STRATEGIC ASSESSMENT. Presiden Amerika Serikat (AS) Donald Trump berhasil membuat gaduh dunia pekan lalu lewat penetapan tarif tinggi untuk setiap negara, termasuk Indonesia. RI akan dikenai tarif resiprokal atau timbal balik hingga 32% akibat besarnya defisit AS ke Indonesia.
Kebijakan tarif Trump memicu ketidakpastian global hingga saling serang perang dagang. Dampak yang dapat dirasakan rupiah diperkirakan akan besar mulai dari kaburnya investor asing di pasar keuangan Tanah Air hingga gejolak eksternal yang tinggi.
Pemerintah Amerika Serikat (AS) menilai kebijakan China membalas dengan tarif 34% atas impor barang AS merupakan kesalahan besar.
Menteri Keuangan AS Scott Bessent mengatakan dalam perang dagang tersebut, AS memiliki keunggulan besar dibandingkan China.
Scott mengatakan, harusnya Pemerintah China tidak melakukan langkah begitu cepat dengan membalas kebijakan AS. Melainkan dengan melakukan negosiasi.
Sejauh ini, katanya, Jepang berada di garis depan sebagai negara yang siap bernegosiasi, dan Gedung Putih mengharapkan banyak negara lain akan mengikuti.

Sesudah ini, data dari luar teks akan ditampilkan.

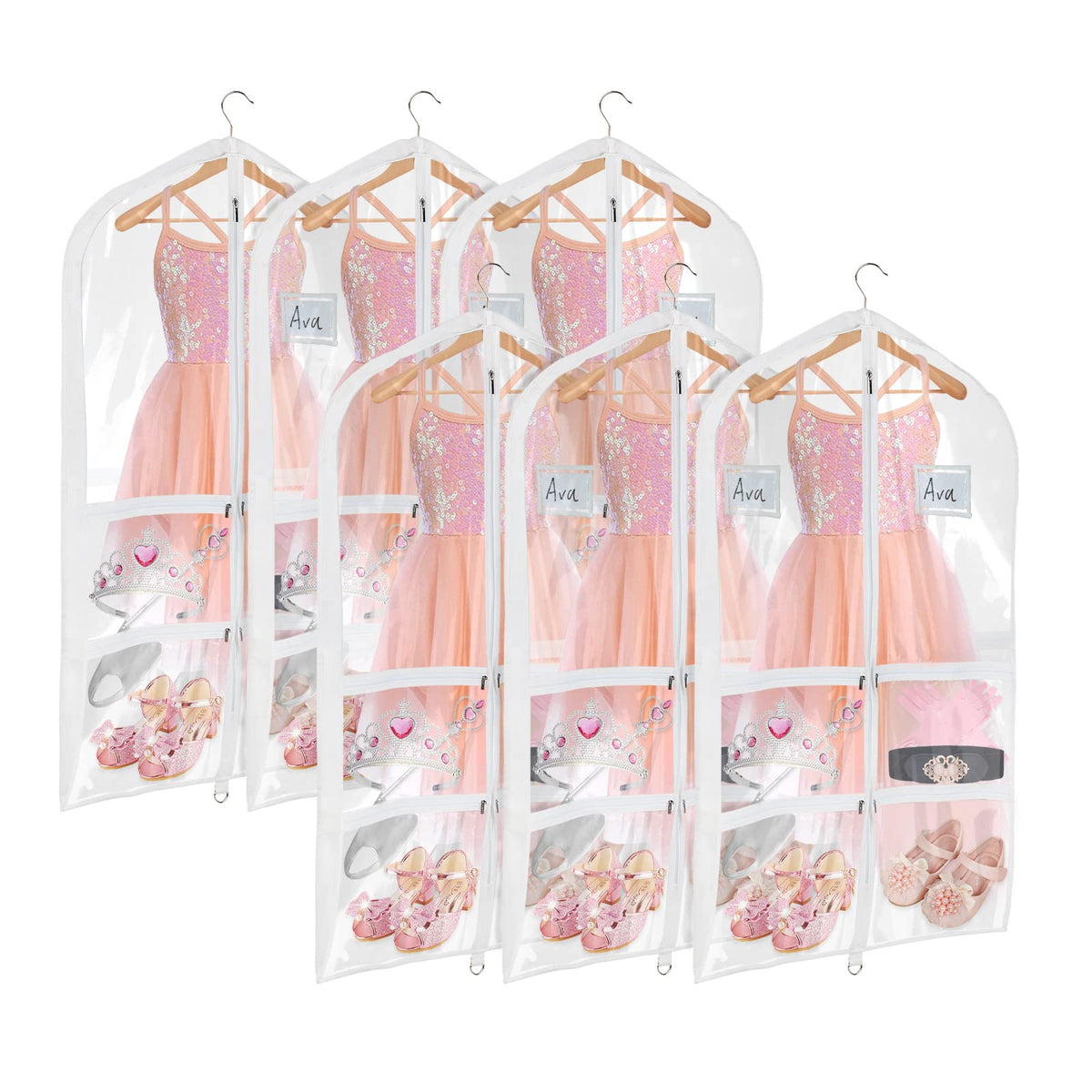 Univivi clear PVC dance costume bag front view showing transparent design for quick content checks.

“Saya pikir Anda akan melihat beberapa negara besar dengan defisit perdagangan yang besar segera maju. Jika mereka datang dengan proposal yang solid, saya pikir kita bisa mendapatkan kesepakatan yang bagus,” terang Bessent.
Ia juga mengatakan bahwa sekitar 70 negara telah menghubungi Gedung Putih untuk memulai pembicaraan, tetapi China bersikukuh akan “berjuang sampai akhir” dan telah memberlakukan tarif sebesar 34% terhadap produk-produk AS.
Sebagai balasan, Presiden Donald Trump menyatakan akan mengenakan tarif tambahan sebesar 50% terhadap impor dari China jika tarif itu tidak dicabut. Pada tahun 2024, AS mencatat defisit perdagangan hampir 300 miliar dolar dengan China, atau sekitar sepertiga dari total ketidakseimbangan perdagangan negara itu.
Melalui tarif ini, Trump berharap bisa membuka lebih banyak pasar bagi produk Amerika dan membawa kembali operasi manufaktur ke AS. Namun, pemerintahan ini tidak hanya fokus pada tarif murni dari negara lain, melainkan juga hambatan nontarif seperti manipulasi mata uang, pajak pertambahan nilai (VAT) di Eropa, dan metode lainnya yang menurut Gedung Putih merusak prinsip perdagangan yang adil.